Hüküm davacı vekilince temyiz edilmiş; temyiz dilekçesinde; açtıkları davanın malın iadesi nedenine değil, alınan malın ayıplı çıkması nedenine ve satıcının tekeffül hükümlerine dayalı alacak davası olduğunu ileri sürmüştür.
Özel Dairece; davanın ayıplı mala karşı tekeffül hükümlerine göre açıldığı saptanarak, bu doğrultuda bir bozma kararı sevk edilmiştir.
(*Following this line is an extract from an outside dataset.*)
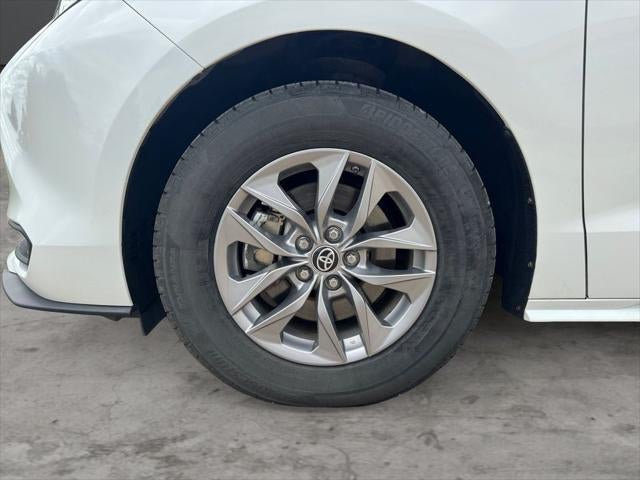 2023 Toyota Sienna LE 8 Passenger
Yerel mahkeme direnme kararında; daha önce gerekçesinde yer vermediği halde bozma kararından esinlenerek ayıba karşı tekeffül hükümlerini değerlendirmiş; ancak satılan ürünün kimin yanında olduğunun belli olmadığı gibi üzerinde inceleme yapılmasının da olanaklı olmadığını, süresinde ayıp ihbarı yapılsa dahi sonuca katkısı olmayacağını kararına dayanak olarak göstermiştir.
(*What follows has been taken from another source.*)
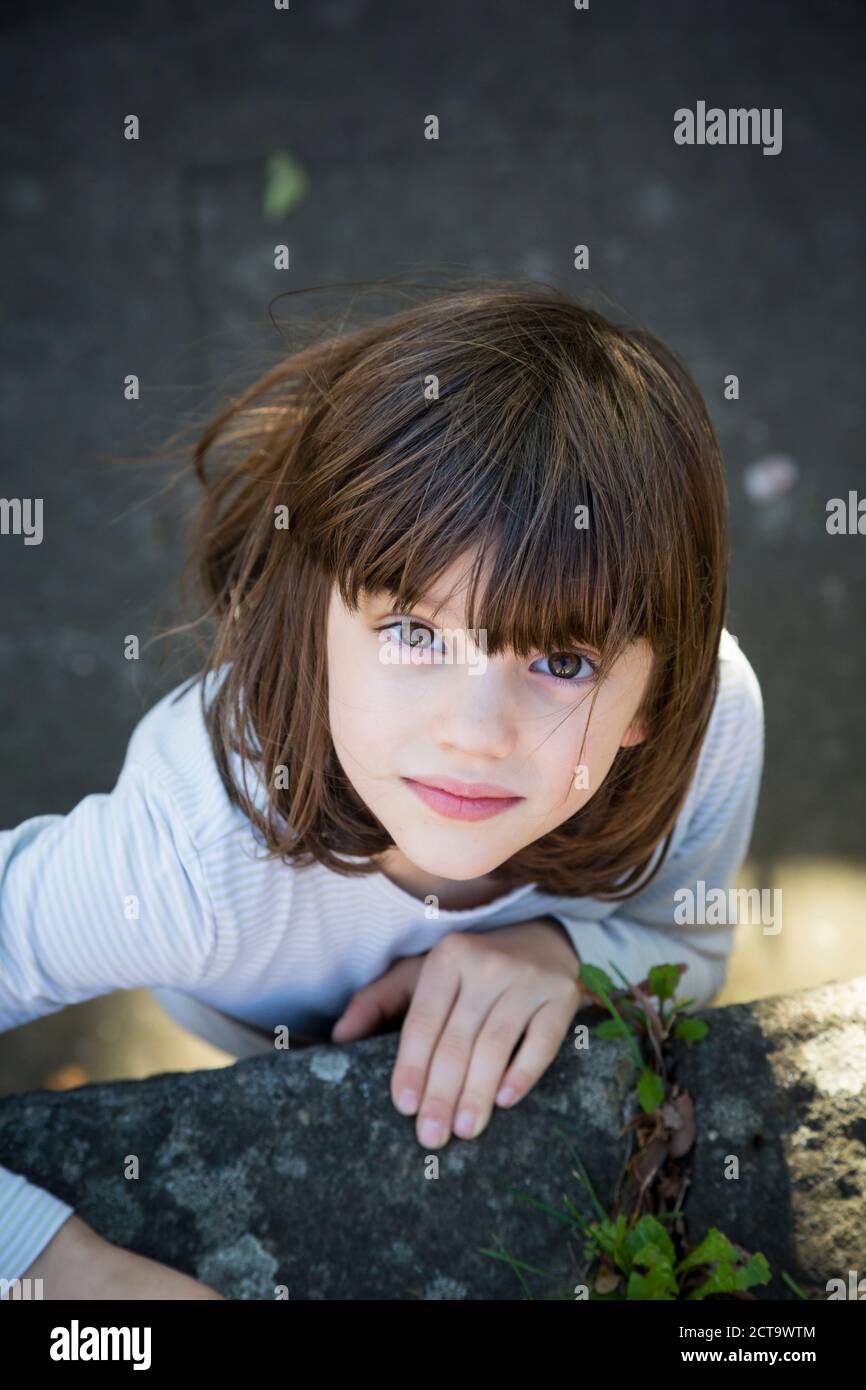 Portrait de petite fille sur un mur d'escalade Banque D'Images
Bu nedenle, işin esasının incelenmesine geçilmeden bu hükmün direnme mi yoksa yeni bir hüküm mü olduğu, temyiz incelemesinin Özel Dairece mi , Hukuk Genel Kurulu’nca mı yapılması gerektiği ön sorun olarak ele alınmıştır.
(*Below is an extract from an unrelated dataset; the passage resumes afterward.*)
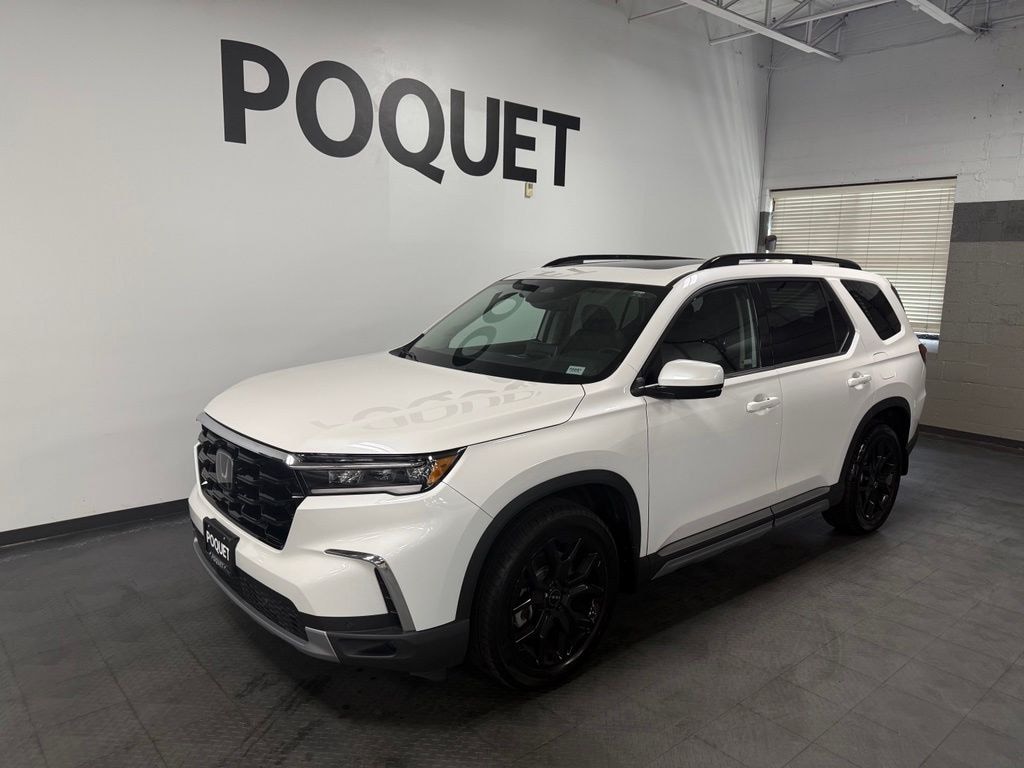 Used 2025 Honda Pilot Touring SUV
Bilindiği üzere; direnme kararının varlığından söz edilebilmesi için mahkeme bozmadan esinlenerek yeni herhangi bir delil toplamadan önceki deliller çerçevesinde karar vermeli; gerekçesini önceki kararına göre genişletebilirse de değiştirmemelidir. (HUMK.429 mad.)
Eş söyleyişle; mahkemenin yeni bir delile dayanarak ve/veya gerekçesini değiştirerek karar vermiş olması halinde, direnme kararının varlığından söz edilemez.
Somut olayda ise; Mahkemenin, ilk kararında davanın yasal dayanağı tamamen farklı değerlendirilmiş; bozma ilamından sonra ise ilk gerekçede hiç yer verilmeyen, bozma ilamından esinlenerek tamamen yeniden oluşturulan gerekçelerle hüküm kurulmuştur. Mahkemenin direnme olarak adlandırdığı bu karar gerçekte direnme olmayıp, bozmadan esinlenilerek oluşturulmuş; yeni bir hükümdür.
Yeni hükme yönelik temyiz itirazlarının inceleme merci ise Hukuk Genel Kurulu değil; Özel Daire’dir.
Hal böyle olunca; dosyanın yeni hükme yönelik temyiz itirazlarının incelenmesi için Özel Daireye gönderilmesi gerekir.
SONUÇ: Yukarıda açıklanan gerekçelerle mahkemece verilen karar yeni hüküm niteliğinde olduğundan, bu hükme yönelik temyiz itirazlarının incelenmesi için dosyanın Yargıtay 19. Hukuk Dairesine gönderilmesine, 7/4/2010 gününde oybirliği ile karar verildi.